Ultimately, the existence of MRAs might make women more afraid of speaking out. I cannot emphasise how crucial this is. A lot of women are afraid of rocking the boat when it comes down to sexism, close their eyes to it or resign themselves to the fact that it's just the way things are. The hateful messages of MRA movements only add a new layer of pressure to that. To men who are concerned with gender equality and who want to address issues with masculinity, MRAs have poisoned the debate.

 

The tragedy of it all

There's an interesting quote I recently heard that I'll paraphrase (I forgot the source). MRA shares some aspects with the Pick Up Artist community and Internet Libertarians - most members appear to be white men in their 20s and 30s, often college-educated. They have big havens on Reddit.

In a way, all three of these groups realise that the ways our societies are structured are not okay. It doesn't work for them. These young men are bombarded with the idea that they should be successful sexual conquerors, but women don't flock to them. They're tantalised with the idea of the American Dream, but they fail at it. They keep hearing about the plight of women, but they are confused about the relative silence on the issues they face.

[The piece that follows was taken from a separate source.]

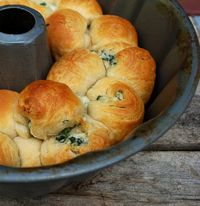 Cheesy Spinach Pull Apart Bread.2jpg by firefly64, via Flickr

Unfortunately, all three take conclusions from that that are devastatingly inaccurate. Internet Libertarians want the system to become even more deregulated and unstable because Conservative media has them believe the system failed due to an excess of socialism. Pick Up Artists try to con women into sleeping with them because they sadly assume it's the only way they'll ever get laid. MRAs lay the blame for men's problems at women's feet, and forget or deny that their true enemy is the patriarchy.

Sunday, July 07, 2013

MRA deconstructed (IV)

This is part IV of my series about MRAs. I'll be discussing a point that pops up frequently in their discussion groups.

 

"Women are out to get and use men"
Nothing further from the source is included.